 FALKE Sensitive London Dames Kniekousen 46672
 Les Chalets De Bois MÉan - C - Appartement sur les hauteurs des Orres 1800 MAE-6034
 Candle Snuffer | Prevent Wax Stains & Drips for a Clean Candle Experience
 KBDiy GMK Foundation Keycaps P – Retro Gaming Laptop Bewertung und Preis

==

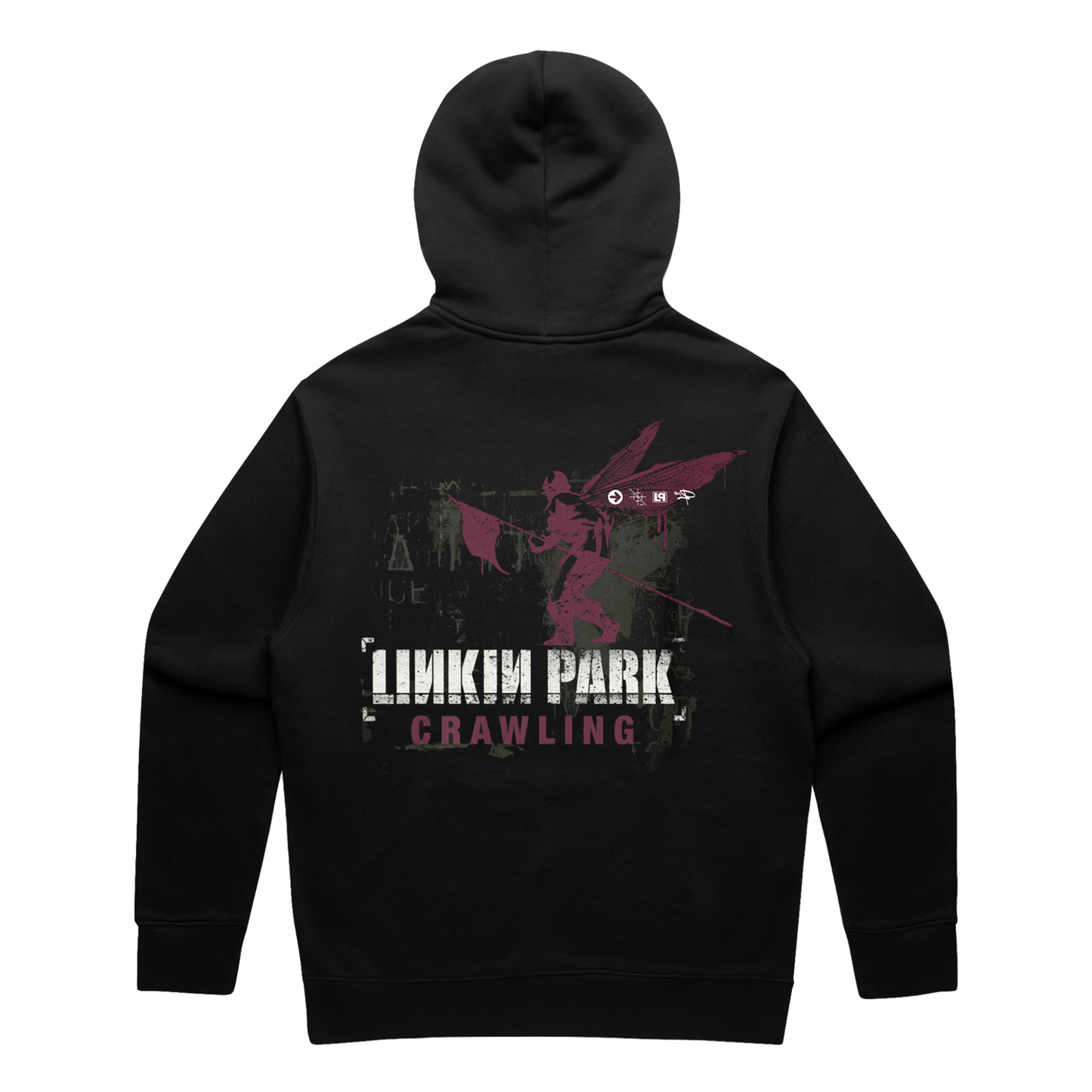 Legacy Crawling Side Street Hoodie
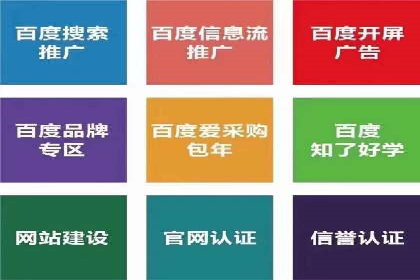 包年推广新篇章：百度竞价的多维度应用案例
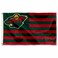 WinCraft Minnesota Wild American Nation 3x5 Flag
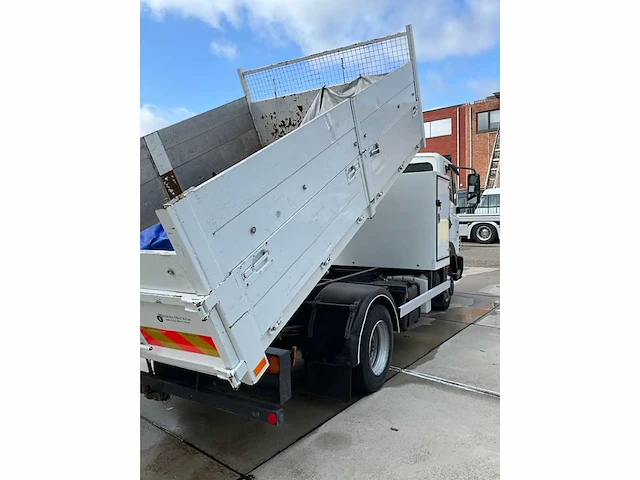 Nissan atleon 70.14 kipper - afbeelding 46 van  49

* * *

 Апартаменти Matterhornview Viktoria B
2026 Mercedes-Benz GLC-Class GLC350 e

- Exercise -
Would you print exactly, and only, the lines of the data above from the line with "FALKE Sensitive London" through the line with "KBDiy GMK Foundation", inclusive?

- Written solution -
 FALKE Sensitive London Dames Kniekousen 46672
 Les Chalets De Bois MÉan - C - Appartement sur les hauteurs des Orres 1800 MAE-6034
 Candle Snuffer | Prevent Wax Stains & Drips for a Clean Candle Experience
 KBDiy GMK Foundation Keycaps P – Retro Gaming Laptop Bewertung und Preis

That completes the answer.